What is nduja, how do you use ’nduja and where do you buy ’nduja? Here’s our guide to Calabria’s spicy spreadable pork paste that is so beloved in its birthplace of Spilinga that they even have an annual Festival del ’Nduja or Festival of the Spicy Sausage Paste. This is the first post in a new ’nduja recipes series.

’Nduja was a revelation when we first sampled the fiery Calabrian pork paste at a salumeria in Italy’s capital Rome in the spring of 2008. While ’nduja was well-known to Italian food-lovers, and beloved in its birthplace of Calabria in Southern Italy, where it’s regularly eaten on everything from bread to pizza, its popularity hadn’t yet spread across the globe.
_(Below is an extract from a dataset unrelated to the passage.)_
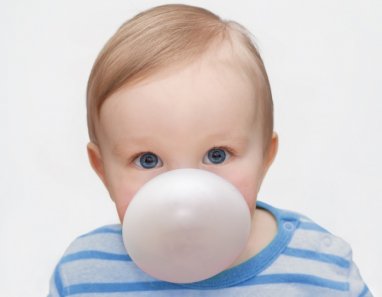 Жевательная резинка: вред и польза для ребенка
It certainly would have been possible to find ’nduja in Italian delicatessens in the Calabrian diasporas in Europe, USA, South America, and Australia – of the many millions of Italians who emigrated from the 1870s to 1970s, the majority were from Southern Italy’s regions of Calabria and Sicily – however, it wasn’t yet on restaurant menus around the world.

Now it seems Calabria’s fiery pork paste is popping up everywhere. We were even able to get our hands on some fantastic ’nduja here in Cambodia recently. We thought that was as good an excuse as any to tell you all about the Calabrese sausage paste and start a series on our best ’nduja recipes. As we publish the recipes, we’ll add links below under ‘How to Use ’Nduja’.

But before I tell you all about ‘nduja, I have a favour to ask. Grantourismo is reader-supported. If you find our guide to Calabria’s spicy pork paste helpful or you’ve cooked our recipes and enjoyed them, please consider supporting Grantourismo so that we can keep producing delicious recipes and food stories.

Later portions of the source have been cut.